Wright applauds Braves, toes company line

PORT ST. LUCIE, Fla. -- With the Atlanta Braves aggressively acting to sign Ervin Santana for $14 million to offset the loss of Kris Medlen with an elbow ligament tear, it seemed natural to get reaction from David Wright.

After all, if the mid-market Braves can find that kind of payroll flexibility to address a need within three weeks of Opening Day, why can't the Mets act as swiftly given all of their deficiencies, including at shortstop?

Chris Trotman/Getty Images

David Wright on the Mets' payroll: "It's not my money."

Wright, while applauding Atlanta for its move, nonetheless continued to offer politically correct responses regarding the Mets' paltry payroll -- which is in the neighborhood of $87 million right now. The Braves are at approximately $110 million.

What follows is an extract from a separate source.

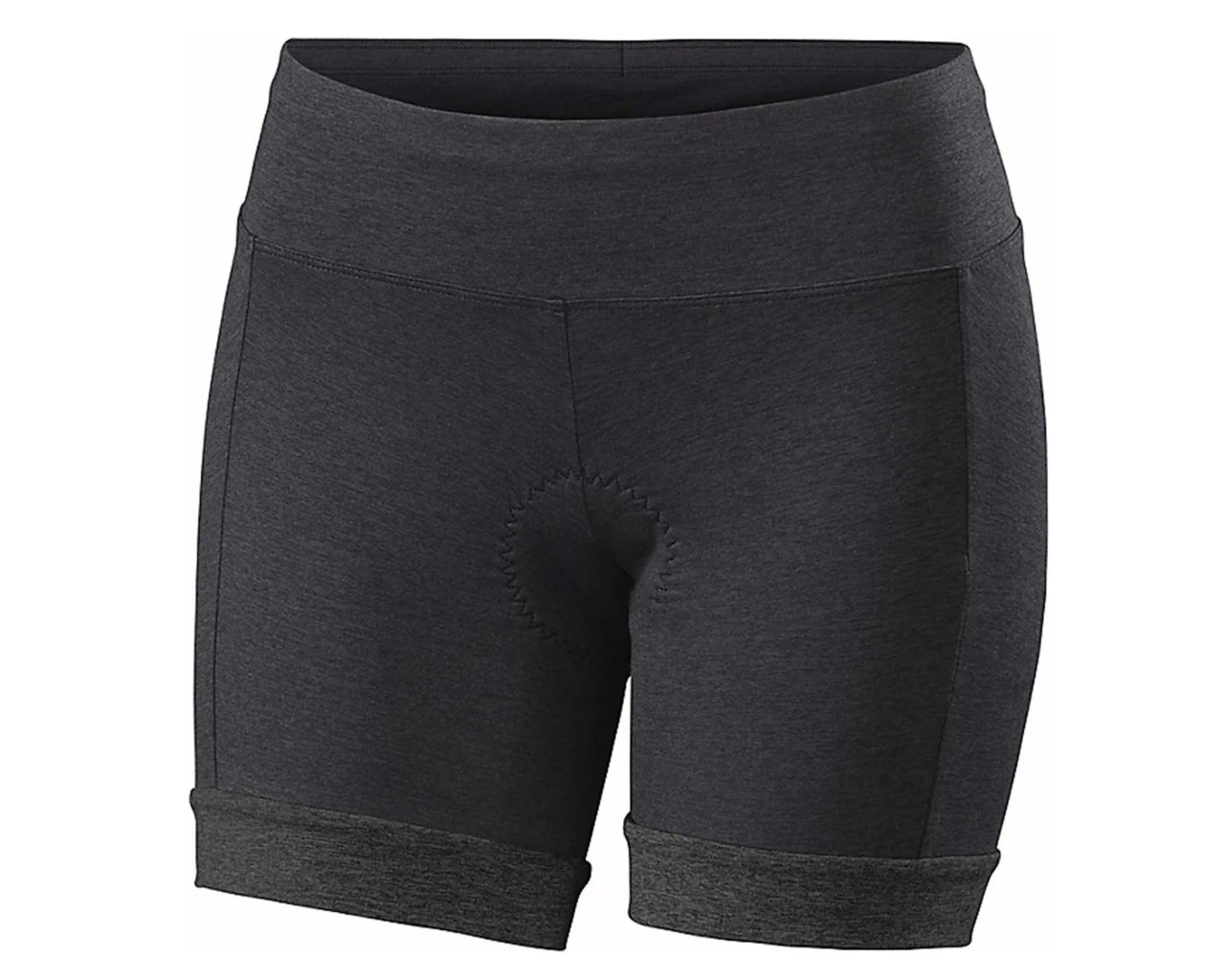 Specialized Womens Shasta Liner Shorts | Black Heather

"My responsibility is to play third base, not decide who signs, doesn't sign," Wright told ESPNNewYork.com. "I'm not a part of the decision-making process. I'm here if the front office wants to run an idea or get a player's perspective on something. But I've said it all along: There's got to be that separation of powers.

"I think it's a great move by the Braves. Unfortunately with what happened to Medlen the other day, and I guess [Brandon] Beachy has a little something minor with him, to be able to make that type of move is a strong move from an already good team. But as far as me trying to worry about players that aren't here, I've never been one to do that. And I don't try to concern myself with it."

Wright then was asked directly: Shouldn't a New York organization be more forceful and active?

"I don't know," Wright said. "There's different schools of thought in my opinion. There's been teams that are very successful, for example the Tampa Bay Rays, with relatively low payrolls. And there have been teams that have been very successful like the Dodgers and Yankees with big payrolls. So I'm not sure there's a recipe for success.

"And I've said this a million times: It's not my money that we're spending. Of course, the fan side of me, you want to go out there and sign every free agent, because it's not my money. Like I said, I try not to concern myself with guys that aren't in this clubhouse right now."

A couple of hours later, addressing a group of New York media about Santana signing with the Braves, Wright continued to be effusive in praise.

“They’re a very successful, winning franchise,” Wright said. “And it seems like they make smart decisions. Today is no different. Unfortunately I saw Medlen go down. And to act right away and be able to get a talent like that makes them similarly strong. It’s a nice move. Like I said, they’re a very, very good organization. Moves like this just back that up. It’s a good acquisition. ... It's a luxury for one of your best starters to go down and a few days later you sign one of the premier free-agent starters that's still out there. It's a great move. They've been making great moves since I've been in the big leagues. Now this is no different."